Set down every record exactly as it appears.

#### Input data

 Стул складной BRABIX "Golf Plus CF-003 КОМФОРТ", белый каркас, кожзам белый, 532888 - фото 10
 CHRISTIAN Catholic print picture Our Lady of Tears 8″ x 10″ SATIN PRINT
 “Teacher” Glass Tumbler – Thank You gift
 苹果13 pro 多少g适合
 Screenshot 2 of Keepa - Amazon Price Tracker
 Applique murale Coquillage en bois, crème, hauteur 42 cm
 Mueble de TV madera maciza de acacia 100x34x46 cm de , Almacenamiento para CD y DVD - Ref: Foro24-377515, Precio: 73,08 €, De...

########

Task result:
 Стул складной BRABIX "Golf Plus CF-003 КОМФОРТ", белый каркас, кожзам белый, 532888 - фото 10
 CHRISTIAN Catholic print picture Our Lady of Tears 8″ x 10″ SATIN PRINT
 “Teacher” Glass Tumbler – Thank You gift
 苹果13 pro 多少g适合
 Screenshot 2 of Keepa - Amazon Price Tracker
 Applique murale Coquillage en bois, crème, hauteur 42 cm
 Mueble de TV madera maciza de acacia 100x34x46 cm de , Almacenamiento para CD y DVD - Ref: Foro24-377515, Precio: 73,08 €, De...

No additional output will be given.